Find Articles

Loading...
Light Dark

NCAA Backs Down on Airline Payment Threat, But Airlines Say They Never Owed the Money

The Nigeria Civil Aviation Authority has suspended a controversial enforcement directive that would have withheld regulatory services from 11 domestic airlines over alleged unpaid obligations, but the move has done little to resolve a deeper dispute over what the airlines actually owe and whether the authority has the right to collect the charges in the first place.

NCAA said the suspension was a deliberate decision taken to avoid destabilizing the aviation sector while structured conversations continued with individual carriers. It stressed that the suspension was not a waiver, cancellation, or forgiveness of any debt, and that airlines remained fully responsible for settling all outstanding statutory obligations.

But the Airline Operators of Nigeria pushed back forcefully, denying that member carriers owed the authority anything for regulatory services. The association said NCAA issued invoices for every service it provided, from crew license validation to aircraft inspections, and that all such invoices were settled in full before services were rendered. It described suggestions that airlines were indebted to NCAA for regulatory services as factually inaccurate.

What the airlines acknowledged were unpaid remittances of the five percent Ticket Sales Charge, a levy collected from passengers by airlines on behalf of the aviation ecosystem. The AON said that charge had become the subject of ongoing discussions given the financial pressure created by the Iran-US conflict, and that it had formally requested the federal government suspend all statutory charges temporarily to help airlines manage cash flow. President Tinubu had already approved a 30 percent concession on outstanding charges as an interim measure, and the airlines said they were still awaiting a meeting with the president to request further relief.

The association announced that from June 1, 2026, it would stop collecting the passenger service charge on NCAA’s behalf, instead calling on the federal government to amend the Civil Aviation Act so that NCAA could collect whatever fees and charges it was owed directly from passengers, without routing the collection through airlines.

The AON used the dispute to make a broader argument about the structural unsustainability of Nigeria’s aviation tax regime.
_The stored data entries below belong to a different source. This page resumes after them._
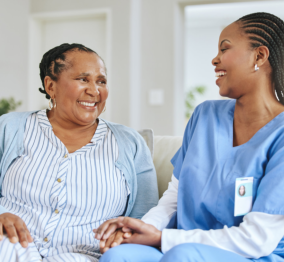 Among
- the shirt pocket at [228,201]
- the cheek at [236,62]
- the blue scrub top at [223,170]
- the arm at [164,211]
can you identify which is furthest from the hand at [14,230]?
the cheek at [236,62]

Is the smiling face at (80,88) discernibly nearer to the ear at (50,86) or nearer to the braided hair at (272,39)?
the ear at (50,86)

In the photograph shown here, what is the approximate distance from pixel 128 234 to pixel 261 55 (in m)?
0.66

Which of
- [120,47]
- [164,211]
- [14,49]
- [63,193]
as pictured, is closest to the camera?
[164,211]

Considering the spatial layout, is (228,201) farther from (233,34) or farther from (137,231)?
(233,34)

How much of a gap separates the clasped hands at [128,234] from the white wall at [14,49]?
2926 millimetres

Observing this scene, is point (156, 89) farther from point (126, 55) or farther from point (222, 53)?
point (222, 53)

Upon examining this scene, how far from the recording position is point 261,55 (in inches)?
39.8

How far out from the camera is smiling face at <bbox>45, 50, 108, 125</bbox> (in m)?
1.36

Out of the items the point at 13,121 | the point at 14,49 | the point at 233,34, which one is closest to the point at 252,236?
the point at 233,34

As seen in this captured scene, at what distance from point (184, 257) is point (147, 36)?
285 cm

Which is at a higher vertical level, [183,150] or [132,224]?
[183,150]

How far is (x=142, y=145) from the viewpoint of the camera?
1.42 m

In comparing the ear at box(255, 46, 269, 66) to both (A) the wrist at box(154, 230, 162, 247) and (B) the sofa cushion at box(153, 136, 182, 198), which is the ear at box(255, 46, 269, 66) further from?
(B) the sofa cushion at box(153, 136, 182, 198)

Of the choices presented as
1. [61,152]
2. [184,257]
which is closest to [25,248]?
[61,152] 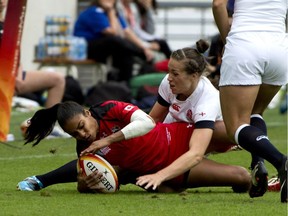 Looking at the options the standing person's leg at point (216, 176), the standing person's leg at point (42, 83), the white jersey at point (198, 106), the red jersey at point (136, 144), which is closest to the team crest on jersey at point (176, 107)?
the white jersey at point (198, 106)

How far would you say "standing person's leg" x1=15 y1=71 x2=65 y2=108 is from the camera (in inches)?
501

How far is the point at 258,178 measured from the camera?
24.6 feet

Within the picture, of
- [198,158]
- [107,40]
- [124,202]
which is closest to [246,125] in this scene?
[198,158]

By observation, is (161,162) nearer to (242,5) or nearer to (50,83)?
(242,5)

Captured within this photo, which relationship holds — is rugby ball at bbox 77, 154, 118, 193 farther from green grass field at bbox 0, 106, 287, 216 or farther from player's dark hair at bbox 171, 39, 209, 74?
player's dark hair at bbox 171, 39, 209, 74

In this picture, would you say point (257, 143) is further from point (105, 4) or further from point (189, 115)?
point (105, 4)

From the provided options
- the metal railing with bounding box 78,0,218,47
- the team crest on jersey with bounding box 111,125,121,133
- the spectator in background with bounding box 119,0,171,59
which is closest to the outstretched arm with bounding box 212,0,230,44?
the team crest on jersey with bounding box 111,125,121,133

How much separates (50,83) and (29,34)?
6693 mm

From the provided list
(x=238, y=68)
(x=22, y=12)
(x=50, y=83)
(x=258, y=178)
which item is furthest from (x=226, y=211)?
(x=50, y=83)

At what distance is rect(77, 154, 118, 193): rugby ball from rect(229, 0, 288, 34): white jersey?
4.21 feet

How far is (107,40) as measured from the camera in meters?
18.2

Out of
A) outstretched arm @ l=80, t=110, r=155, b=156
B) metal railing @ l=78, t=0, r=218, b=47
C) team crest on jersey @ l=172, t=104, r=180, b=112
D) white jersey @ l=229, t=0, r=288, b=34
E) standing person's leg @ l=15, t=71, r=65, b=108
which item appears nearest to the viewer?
white jersey @ l=229, t=0, r=288, b=34

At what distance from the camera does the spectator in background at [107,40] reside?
715 inches

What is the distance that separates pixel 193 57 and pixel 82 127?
92 centimetres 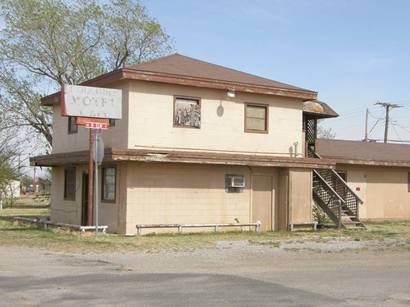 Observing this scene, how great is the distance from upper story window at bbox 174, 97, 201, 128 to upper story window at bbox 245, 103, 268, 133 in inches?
80.4

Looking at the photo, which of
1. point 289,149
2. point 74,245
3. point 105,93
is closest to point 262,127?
point 289,149

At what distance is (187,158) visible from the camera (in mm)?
21078

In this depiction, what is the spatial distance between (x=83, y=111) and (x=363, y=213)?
15.8 meters

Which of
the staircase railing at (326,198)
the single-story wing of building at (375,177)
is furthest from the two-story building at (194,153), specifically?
the single-story wing of building at (375,177)

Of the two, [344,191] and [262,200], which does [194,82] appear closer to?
[262,200]

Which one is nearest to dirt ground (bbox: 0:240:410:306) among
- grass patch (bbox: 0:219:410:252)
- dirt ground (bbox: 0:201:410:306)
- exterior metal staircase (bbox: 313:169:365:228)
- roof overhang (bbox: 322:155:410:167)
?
dirt ground (bbox: 0:201:410:306)

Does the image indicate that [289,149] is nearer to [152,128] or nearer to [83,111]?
[152,128]

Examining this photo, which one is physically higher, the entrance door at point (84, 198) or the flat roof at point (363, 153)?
the flat roof at point (363, 153)

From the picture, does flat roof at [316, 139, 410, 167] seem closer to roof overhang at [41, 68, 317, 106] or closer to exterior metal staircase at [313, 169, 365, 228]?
exterior metal staircase at [313, 169, 365, 228]

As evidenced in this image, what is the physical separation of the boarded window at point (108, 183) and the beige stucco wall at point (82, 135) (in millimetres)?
850

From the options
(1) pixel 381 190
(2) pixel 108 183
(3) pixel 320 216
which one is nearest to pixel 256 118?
(3) pixel 320 216

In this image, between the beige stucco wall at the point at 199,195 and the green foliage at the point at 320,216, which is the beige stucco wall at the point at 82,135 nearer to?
the beige stucco wall at the point at 199,195

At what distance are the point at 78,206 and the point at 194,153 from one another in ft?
18.4

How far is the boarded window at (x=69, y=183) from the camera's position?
2484cm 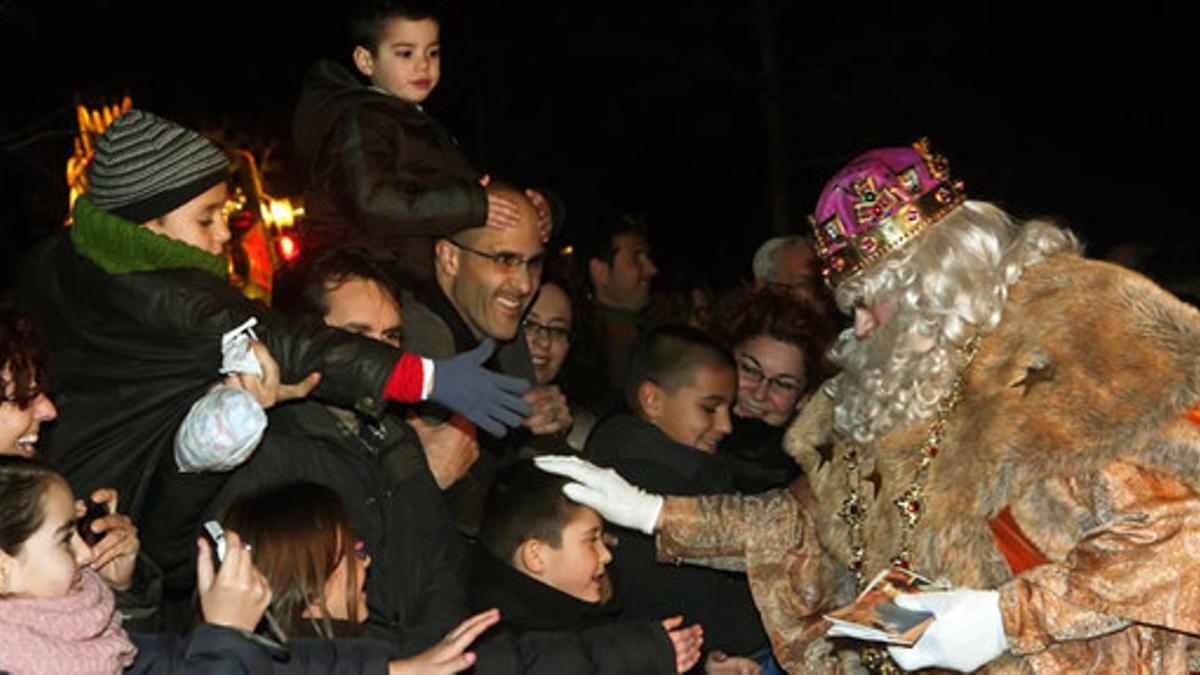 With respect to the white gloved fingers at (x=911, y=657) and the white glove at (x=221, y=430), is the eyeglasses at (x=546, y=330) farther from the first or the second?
the white gloved fingers at (x=911, y=657)

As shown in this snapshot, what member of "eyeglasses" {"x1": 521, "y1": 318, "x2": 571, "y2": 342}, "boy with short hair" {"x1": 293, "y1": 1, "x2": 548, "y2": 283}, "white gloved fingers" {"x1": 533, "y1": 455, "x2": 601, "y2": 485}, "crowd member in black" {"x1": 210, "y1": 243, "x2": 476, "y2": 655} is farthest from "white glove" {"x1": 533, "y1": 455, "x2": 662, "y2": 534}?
"eyeglasses" {"x1": 521, "y1": 318, "x2": 571, "y2": 342}

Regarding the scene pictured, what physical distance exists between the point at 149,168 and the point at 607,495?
166 cm

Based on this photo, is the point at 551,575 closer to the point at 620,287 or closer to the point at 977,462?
the point at 977,462

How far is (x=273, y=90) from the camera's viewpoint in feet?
72.2

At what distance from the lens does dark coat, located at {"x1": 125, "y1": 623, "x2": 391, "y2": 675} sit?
3.98 metres

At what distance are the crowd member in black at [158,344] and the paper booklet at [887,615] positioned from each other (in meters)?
1.04

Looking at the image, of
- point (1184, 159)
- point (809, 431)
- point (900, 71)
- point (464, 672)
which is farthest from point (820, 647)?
point (1184, 159)

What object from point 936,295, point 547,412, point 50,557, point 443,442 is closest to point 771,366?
point 547,412

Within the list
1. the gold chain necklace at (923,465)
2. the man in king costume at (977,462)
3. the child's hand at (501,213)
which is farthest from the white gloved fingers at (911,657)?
the child's hand at (501,213)

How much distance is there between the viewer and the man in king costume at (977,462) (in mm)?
4316

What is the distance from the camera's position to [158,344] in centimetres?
479

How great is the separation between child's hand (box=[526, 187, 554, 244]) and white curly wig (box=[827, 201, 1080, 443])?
5.44ft

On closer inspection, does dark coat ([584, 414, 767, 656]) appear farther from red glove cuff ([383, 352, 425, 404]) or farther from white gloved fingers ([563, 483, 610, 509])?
red glove cuff ([383, 352, 425, 404])

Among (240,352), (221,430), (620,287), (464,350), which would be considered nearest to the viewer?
(221,430) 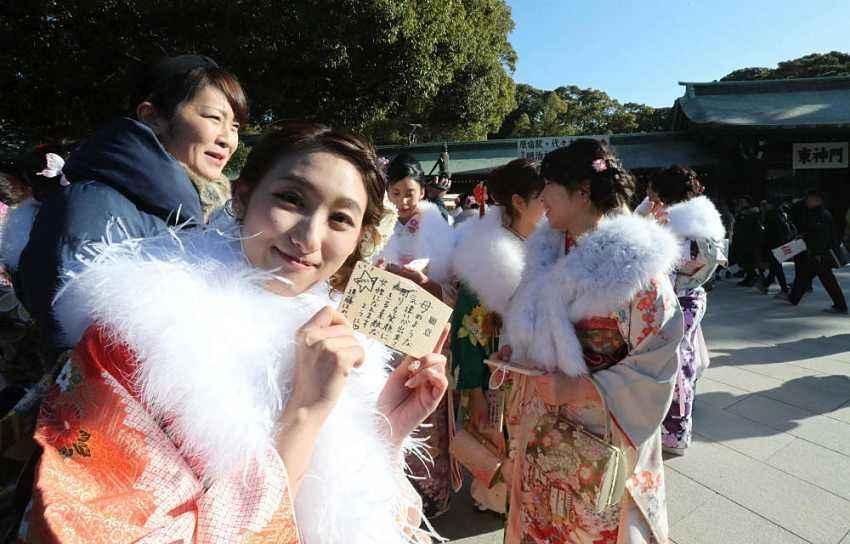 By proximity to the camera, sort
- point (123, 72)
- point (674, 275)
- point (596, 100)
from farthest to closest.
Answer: point (596, 100), point (123, 72), point (674, 275)

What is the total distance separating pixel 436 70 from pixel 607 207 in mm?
9119

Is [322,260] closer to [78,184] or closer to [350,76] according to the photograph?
[78,184]

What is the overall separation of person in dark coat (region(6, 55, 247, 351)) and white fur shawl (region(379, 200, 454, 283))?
5.34ft

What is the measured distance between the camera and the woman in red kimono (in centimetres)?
69

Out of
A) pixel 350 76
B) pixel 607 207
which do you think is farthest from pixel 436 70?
pixel 607 207

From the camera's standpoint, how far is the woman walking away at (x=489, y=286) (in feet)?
8.09

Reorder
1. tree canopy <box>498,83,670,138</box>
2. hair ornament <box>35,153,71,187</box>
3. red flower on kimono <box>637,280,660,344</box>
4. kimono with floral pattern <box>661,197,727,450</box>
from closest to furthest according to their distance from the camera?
red flower on kimono <box>637,280,660,344</box>, hair ornament <box>35,153,71,187</box>, kimono with floral pattern <box>661,197,727,450</box>, tree canopy <box>498,83,670,138</box>

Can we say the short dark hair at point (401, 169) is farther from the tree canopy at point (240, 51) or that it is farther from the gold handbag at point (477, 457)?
the tree canopy at point (240, 51)

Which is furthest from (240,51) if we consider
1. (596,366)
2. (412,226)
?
(596,366)

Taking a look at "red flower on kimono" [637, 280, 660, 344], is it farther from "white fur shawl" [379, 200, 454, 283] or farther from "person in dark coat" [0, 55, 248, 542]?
"white fur shawl" [379, 200, 454, 283]

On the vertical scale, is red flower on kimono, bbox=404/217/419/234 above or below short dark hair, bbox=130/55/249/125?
below

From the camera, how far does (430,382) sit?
1.10 m

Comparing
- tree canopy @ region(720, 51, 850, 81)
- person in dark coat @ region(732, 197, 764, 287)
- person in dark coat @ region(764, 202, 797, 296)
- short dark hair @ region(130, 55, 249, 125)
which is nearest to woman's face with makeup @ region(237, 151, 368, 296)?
short dark hair @ region(130, 55, 249, 125)

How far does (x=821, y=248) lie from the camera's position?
7016mm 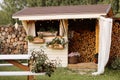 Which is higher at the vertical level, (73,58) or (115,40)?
(115,40)

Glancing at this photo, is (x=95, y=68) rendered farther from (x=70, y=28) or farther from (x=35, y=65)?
(x=35, y=65)

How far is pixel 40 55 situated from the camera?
30.4 ft

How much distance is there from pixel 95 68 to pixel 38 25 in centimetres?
311

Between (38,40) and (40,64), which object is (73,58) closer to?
(38,40)

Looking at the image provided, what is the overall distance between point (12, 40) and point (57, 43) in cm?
389

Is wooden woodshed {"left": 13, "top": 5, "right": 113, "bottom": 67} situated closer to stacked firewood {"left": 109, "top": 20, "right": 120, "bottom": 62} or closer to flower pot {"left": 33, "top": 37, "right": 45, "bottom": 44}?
flower pot {"left": 33, "top": 37, "right": 45, "bottom": 44}

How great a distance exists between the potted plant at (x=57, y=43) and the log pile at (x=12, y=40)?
11.1 feet

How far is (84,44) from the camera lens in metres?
15.1

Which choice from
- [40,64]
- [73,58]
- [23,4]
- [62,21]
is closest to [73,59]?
[73,58]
It said domestic airlines made payments to NAMA, FAAN, NCAA, and multiple other statutory bodies, and that the cumulative burden of these charges, all applied to gross earnings rather than profit, was incompatible with an industry that globally operated on margins of between 1.5 and 2.5 percent. It said the industry was being crushed by fees introduced under entirely different economic conditions, some dating back to General Yakubu Gowon’s government in the 1970s, that had never been reviewed despite decades of sector deregulation and structural change.